Wednesday, October 17th, 2007

Ecumenism is a Hasidic Jew singing reggae in praise of Hashem and reigniting your zeal to say the Rosary in public. Enjoy.

Jerusalem - Matisyahu

And if this doesn’t work, tell me. I want you hear this guy.

 

Patience

Monday, July 2nd, 2007

The liturgy is the primary way by which we come to know God. God is three Persons. So go ahead and adjust the language, music and symbolism of the Mass to make them totally understandable on the first go. But only if you have previous experience of coming to know, completely, three people in the space of an hour. If, on the other hand, you’ve found that even your non-divine friendships continue to deepen for as long as they last, then give me a liturgy that I can chew on for eighty years or so.

He said it

Thursday, May 24th, 2007

To all my Californian friends: here, in the words of Stan Rogers, is why I don’t move down there to be with all of you.

“In a few more years I won’t remember what it was to play,
The music of old friends who need to live so far away,
But can I once taste Northern waters, then forsake them for the South,
To feel California’s ashes in my mouth?”

P.S. I’ll never forget what it was, Stan notwithstanding.

The show at the Met is postponed

Saturday, April 21st, 2007

I was just starting to think that I was having a pretty successful violin practise when I took a break and noticed that the kids playing on the grass outside had started howling like dogs.

Pythagoras

Tuesday, April 17th, 2007

The ancients thought of music as a branch of mathematics, which makes most of us say: “What a boring, stilted way to look at music.” But why not: “What a sublime way to look at math!”
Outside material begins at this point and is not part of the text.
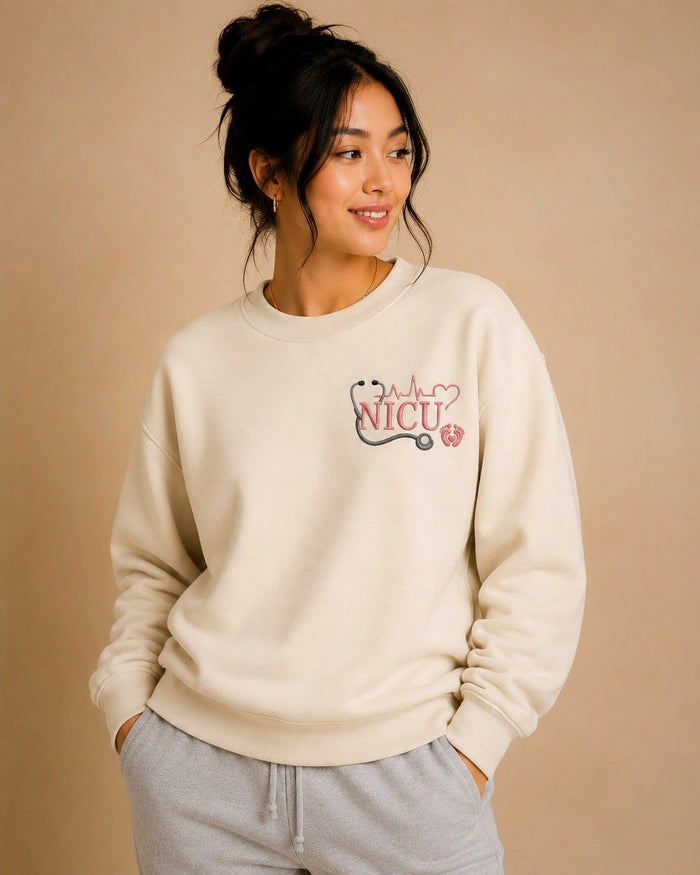 NICU Nurse crewneck worn, embroidered chest design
Heartbreak knows no borders

Wednesday, January 10th, 2007

Romantic country song:

She was the picture of grace and beauty, but she left me.

Romantic pop song:

She was the picture of grace and beauty, but I cheated on her.

The Book of Proverbs:

For the lips of a harlot are like a honeycomb dropping, and her throat is smoother than oil. But her end is bitter as wormwood, and sharp as a two-edged sword.

Romantic Irish song:

She was the picture of grace and beauty, and then she stole my clothes and sold me to the English.

Hostel Kitchen

Tuesday, December 12th, 2006

The hostel’s heating system had broken during the day, so we sat in our coats in the second floor kitchen, watching a bitterly cold Edmonton wind tear down the dark street below. A greying Newfoundlander, eyes droopy with sixty years and one very hard night, weakly swayed in his chair and rambled aimlessly across the steel strings he’d forced upon a tiny classical guitar. An enormous smooth-headed Djiboutian, wrapped to the chin in a new pea coat and matching black scarf, sat back with his hands in his pockets, quietly observing from across the table. Between his smattering of English and mine of French, we exchanged names and a few broken sentences before lapsing into silence. The drunken rambling took on words and direction: it had become an improvisation on love, directed at the only dedicated audience member, whom I now knew as Pierre. Pierre flashed a black Cheshire grin and chuckled. “I love you too.” We exchanged an amused smile as the Newfie struck out on the theme of a heartbroken girl. Pierre felt around for the right English: “He makes up his own music…directly,” he said. The singing stopped. “No, no…” slurred the musician. “It’s ahff de coff.”

Frozen Music

Sunday, October 29th, 2006

As everyone knows, if you break the ice off the top of a puddle and kick it across the parking lot, it makes a noise like a rather musical ceramic tile sliding across the same surface. This works best if the ice is dry and about an inch thick. What’s less obvious, but more fascinating, is that as you continue to kick the ice, and pieces chip off it, the sound rises in pitch through wind-chimes, broken glass, and the edge of human hearing. Then the smallish piece that’s left makes about the same noise as a rock.